Pearl Couscous with Apricots, Arugula & Chickpeas

Pearl Couscous with Apricots, Arugula & Chickpeas | Living Healthy in Seattle Pearl Couscous with Apricots, Arugula & Chickpeas | Living Healthy in Seattle Pearl Couscous with Apricots, Arugula & Chickpeas | Living Healthy in Seattle Pearl Couscous with Apricots, Arugula & Chickpeas | Living Healthy in Seattle

I’m all about unique flavor + texture combos and this dish takes the cake.

We’re talking fruit, greens, nuts, cheeze, beans, and herbs all in one pasta dish.

Before you run away in utter horror, hear me out.

This delightful plump couscous salad is both sweet and savory.

Crunchy and creamy.

Fresh and cozy.

All at the same dang time.

If that doesn’t sound heavenly, I don’t know what does.

All you have to do is fold together perfectly cooked Israeli couscous (aka pearled couscous), convenient canned chickpeas, juicy apricots, peppery arugula, crumbled vegan feta, nutty toasted cashews, lemon zest + juice, spicy crushed red pepper flakes, cracked black pepper, pink sea salt, fresh herbaceous basil, and mint.

Mmmmmm mmm!

This bowl of yum is delicious hot, warm, room temp, and chilled.

So yes, take it to your next picnic, pack an extra exciting work lunch, or eat it straight out of the pot.

No judgements over here when tasty food is involved.

P.S. In case you’re wondering, what is couscous… will I like it?? Couscous is simply pasta and if you don’t enjoy pasta that’s a whole other issue ha. (Gluten-free folks, swap in quinoa for a gf friendly dish.)

P.P.S. Make sure you don’t overcook the couscous because we’re not going for a complete bowl of mush—just a semi-mush meal.

P.P.P.S. As always, taste and adjust the flavors to make your tongue and tummy happy.

P.P.P.P.S. This recipe makes two medium-sized servings or one generous serving. I’m usually feeling generous hehe.

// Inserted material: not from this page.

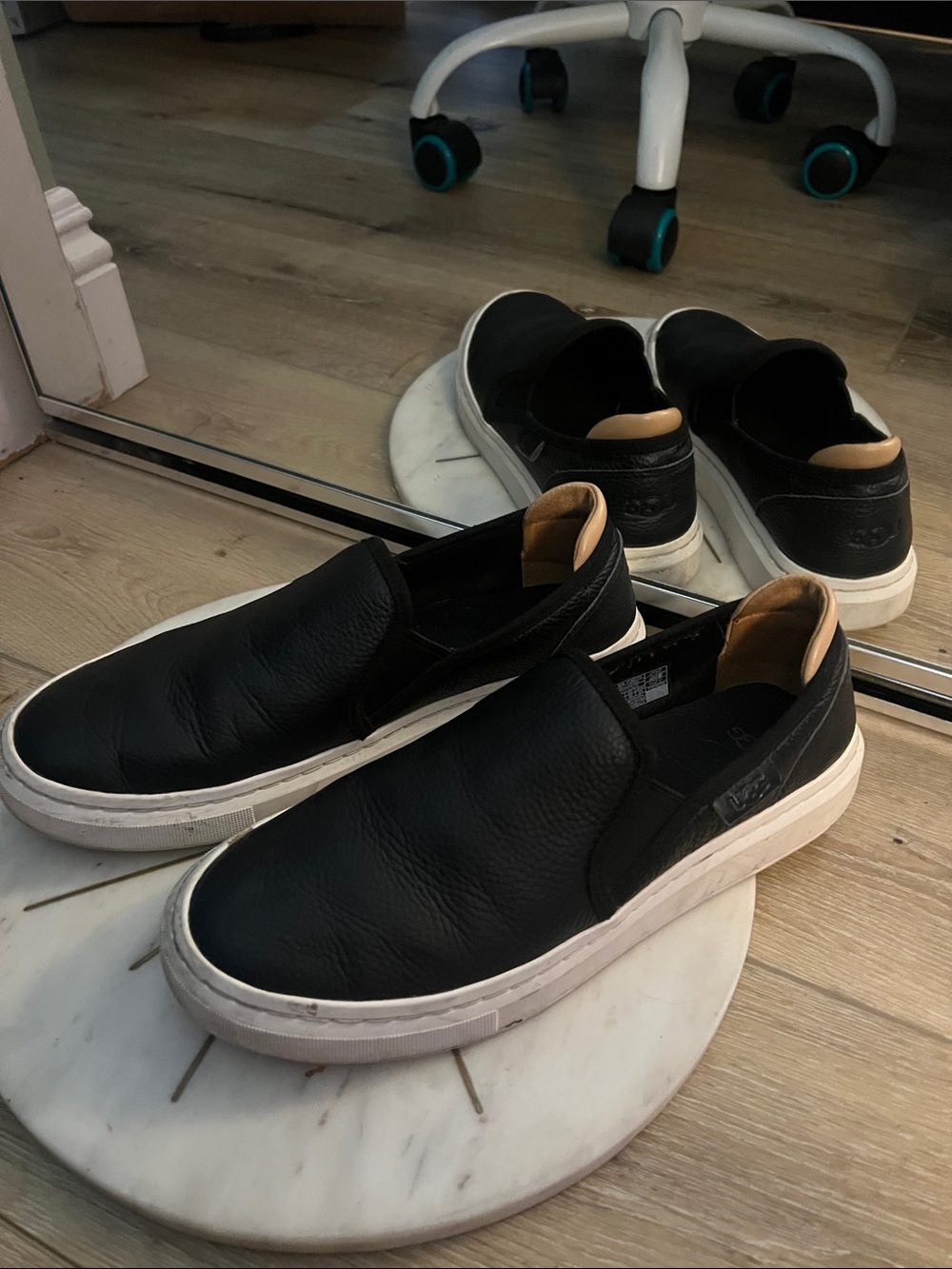 UGG, size 8, Leather Slip-On Sneakers w/ White Sole, UIGC - Picture 12 of 12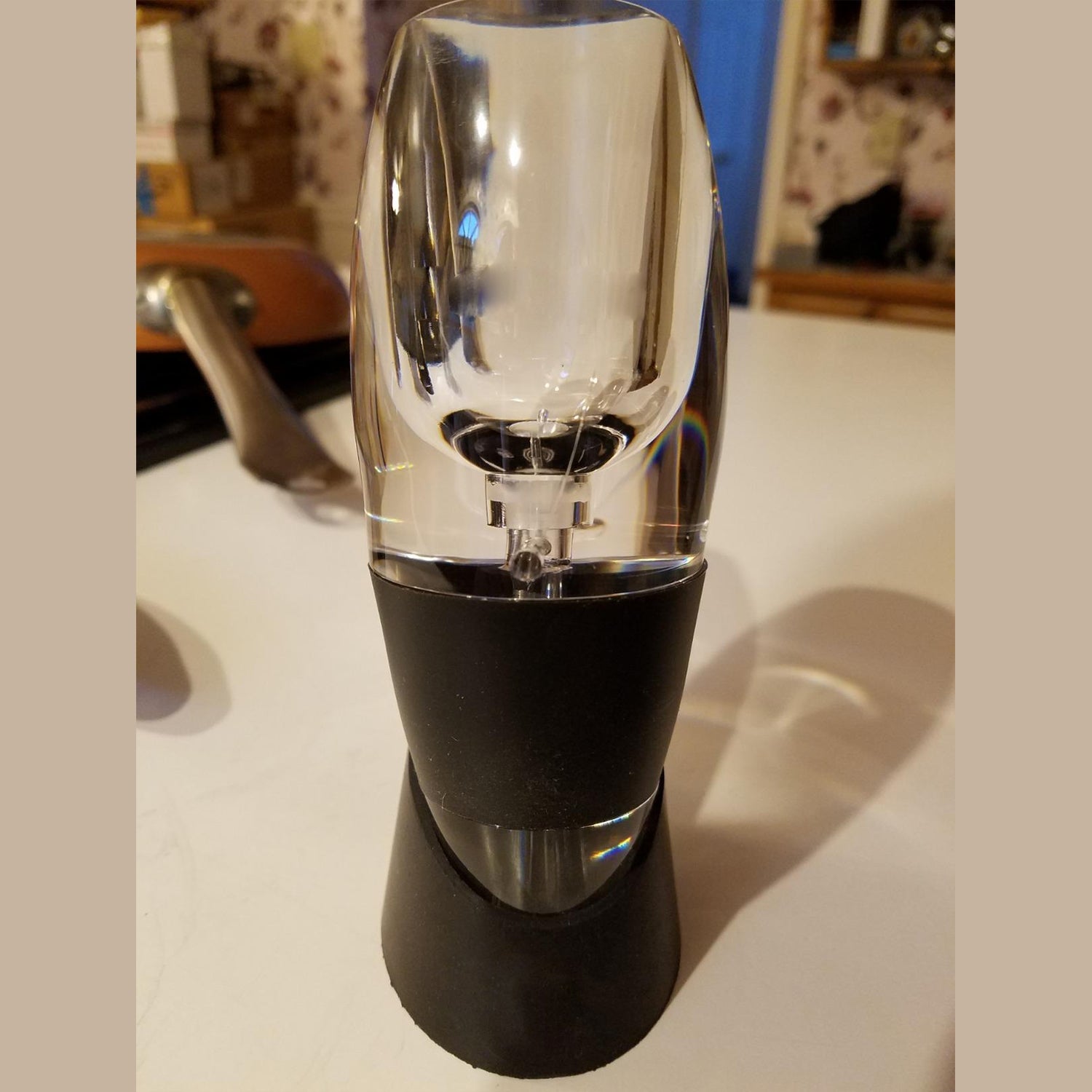 Red wine decanter with anti-drip base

Pearl Couscous with Apricots, Arugula & Chickpeas | Living Healthy in Seattle

Pearl Couscous with Apricots, Arugula & Chickpeas

Prep Time 10 minutes
Cook Time 15 minutes
Total Time 20 minutes
Servings 2

Ingredients
  

  • 2 teaspoons extra virgin olive oil, divided
  • 1 cup pearl couscous (Israeli couscous)
  • 1 1/2 cups water
  • Salt, to taste
  • 3/4 cup canned chickpeas (rinsed, drained, patted dry with a clean towel)
  • 1 cup diced fresh apricots
  • 2 cups arugula
  • 1/3 cup crumbled vegan feta (I use Trader Joe's)
  • 1/2 cup toasted unsalted cashews
  • 1 teaspoon lemon zest
  • 1 1/2 teaspoons fresh lemon juice
  • Crushed red pepper flakes, to taste
  • Freshly cracked black pepper, to taste
  • Pink sea salt, to taste
  • 1/4 cup thinly sliced fresh basil (chiffonade)
  • 1 tablespoon thinly sliced fresh mint

Instructions
 

  • In a medium pot, heat 1 teaspoon of olive oil over medium heat.
  • Toast the couscous in the hot oil for a few minutes, until light golden brown, stirring occasionally.
  • Meanwhile, bring 1 1/2 cups of water to a boil in a small pot.
  • Add the boiling water to the toasted couscous (in the medium pot) along with salt to season. Cover and simmer for 13 minutes, or until al dente.
  • Gently stir the cooked couscous, then fold in the chickpeas, apricots, arugula, feta, cashews, lemon zest, lemon juice, red pepper flakes, black pepper, and salt, to taste.
  • Right before serving, fold in the basil and mint, to prevent browning. Taste and adjust ingredient amounts, if you wish.